How one NTU student helped 100 kids struggling with home-based learning during circuit breaker
More than 1,000 volunteers have signed up to help under Temporary Academic Assistance.
As a secondary school student, Andy Teo needed help with his weaker subjects. So when home-based learning was announced as part of the circuit breaker measures, Andy, who does part-time tutoring, thought: How are students who are taking national exams going to get help, especially if they are struggling with certain topics?
With his classes at Nanyang Technological University all moved online as well, he had plenty of free time. So he thought of using that time to help students in need – regardless of their background – via online tutoring.
“But I can only teach one subject, principle of accounts, so an idea struck me. What if I’m able to get people who are able to teach other subjects taught in the schools to help as well?” Andy told Youth.SG.
Andy then created a google document for those interested in helping primary and secondary students with their studies during the circuit breaker period. In a matter of weeks, it blew up, with thousands signing up to volunteer their free time – giving birth to the initiative called Temporary Academic Assistance (TAA).
“Basically, I just created the form for those who want to volunteer to sign up. Those parents who felt their child needed help, they can just go over to the database and link up with the tutors,” explained the 25-year-old accountancy undergraduate.
Under TAA, students or their parents can just go through the list and contact the tutors via their email or contact number listed. Each volunteer tutor just needs to spend 30 minutes to help the students, instead of hosting a two-hour session like a usual tuition.
“If you see the database, the tutors indicated for the students to come prepared with questions. They are more than willing to answer it or clarify any concepts. That’s the whole purpose of TAA,” shared Andy.
Andy added that the target is to help students who might struggle with the transition from a classroom setting to home-based learning. He pointed out as well that it can also be hard for students who might need more guidance from their teacher to seek help, since they are home and do not see their teacher face-to-face.
“We know educators and teachers are busy with admin stuff, changing their lesson plans to suit online teaching.
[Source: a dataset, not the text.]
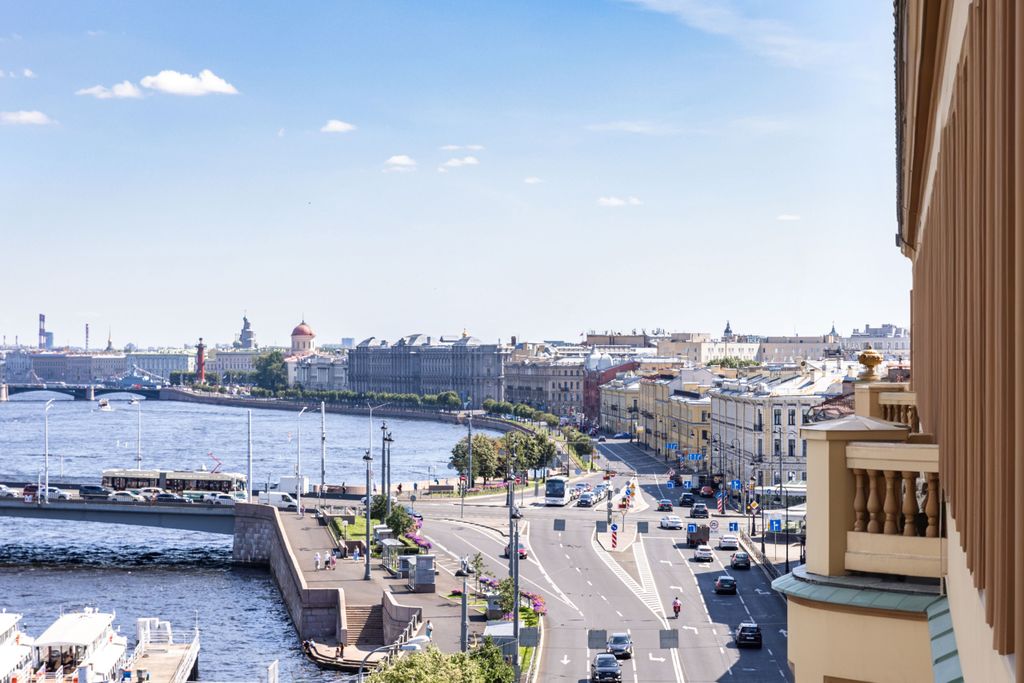 River Palace — Двухместный номер с 2 отдельными кроватями двухместный номер с двумя кроватями стандарт с балконом | Вид на Неву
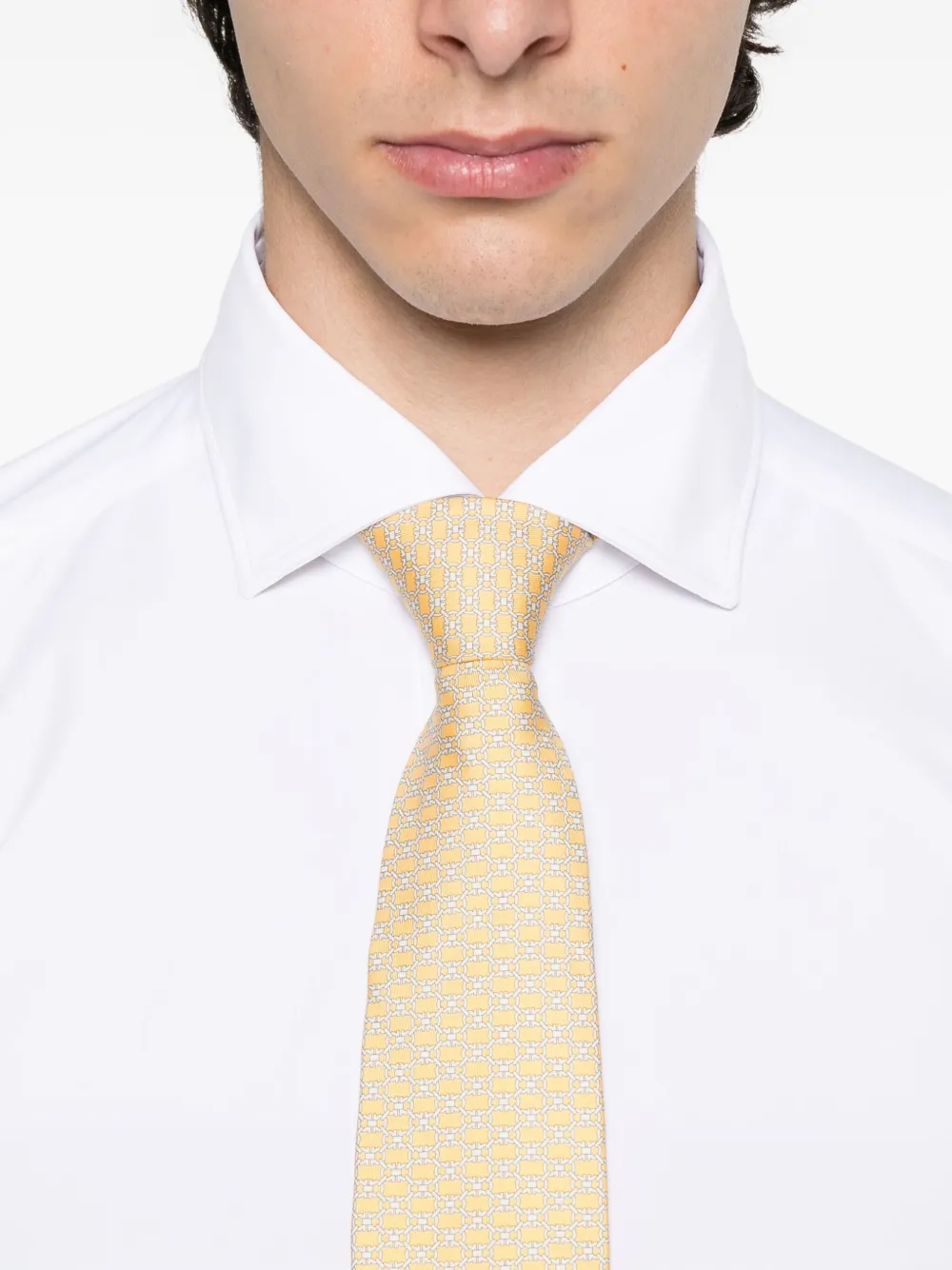 Barba Button-up overhemd Wit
So we also want to help alleviate the stress for them during this period and that’s why the initiative is born,” Andy said.
Till date, TAA has helped at least 100 students, based on the responses from the volunteers. But Andy reckons that the number could be a lot more, as some of the tutors haven’t filled up the form that he sent out to them. Andy said he did not expect TAA to grow so big.
He explained that he had started the initiative with no expectations at all, and certainly without much planning. Even at the start, he only posted about the initiative on his own social media accounts.
“I thought if I can reach 50 volunteers, that’s the best. Now it’s reached over 1000 volunteers and I needed more manpower to help out with this, so I got nine of my friends from NTU to help in different areas – to reach out to more people with social media, replying to parents’ queries and sorting out the database,” said Andy.
Andy is heartened by the overwhelming response he got from the volunteer tutors, which shows that Singaporeans in general are a “loving and helpful” bunch. He even received an email from a 15-year-old student, who wanted to teach Primary School students.
“I told him there are no age restrictions and if he wants to help, he can. These instances are the ones that really warms my heart. This is done for the students, but they want to volunteer and help as well. I didn’t even have this in mind,” shared Andy.
“I’m really happy that during this crisis, we see Singaporeans coming together to help one another.”
TAA will carry on until full home-based learning ends.